BEGIN
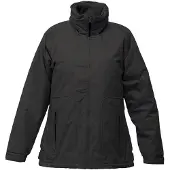 Regatta Dames/dames Waterdicht Winddicht Jasje (Fleece Lined) (Zwart)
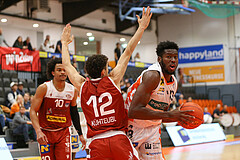 Basketball Superliga 2022/23, Grunddurchgang 5.Runde Klosterneuburg Dukes vs. Traiskirchen Lions


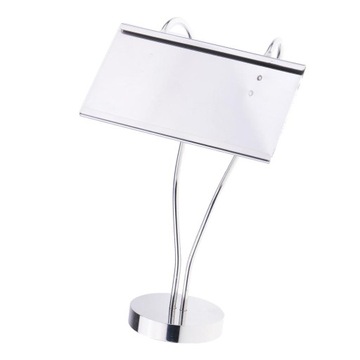 Stojak na karty posiłków ze stali nierdzewnej Menu S-1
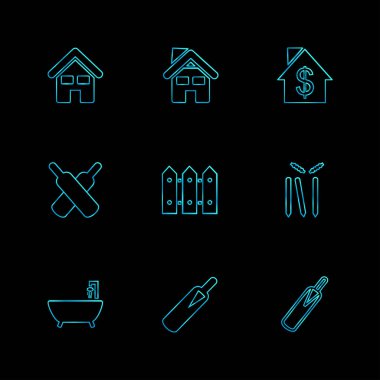 çeşitli tema app simge kümesi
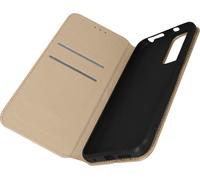 Similicuir Cover Classic Edition pour Xiaomi Redmi Note 11 / Note 11s - Or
END
Beginning with the first line of the entries above, repeat each line word for word until the line with "çeşitli tema app simge kümesi" has been given too. Omit the pictures.

# Exercise response
 Regatta Dames/dames Waterdicht Winddicht Jasje (Fleece Lined) (Zwart)
 Basketball Superliga 2022/23, Grunddurchgang 5.Runde Klosterneuburg Dukes vs. Traiskirchen Lions


 Stojak na karty posiłków ze stali nierdzewnej Menu S-1
 çeşitli tema app simge kümesi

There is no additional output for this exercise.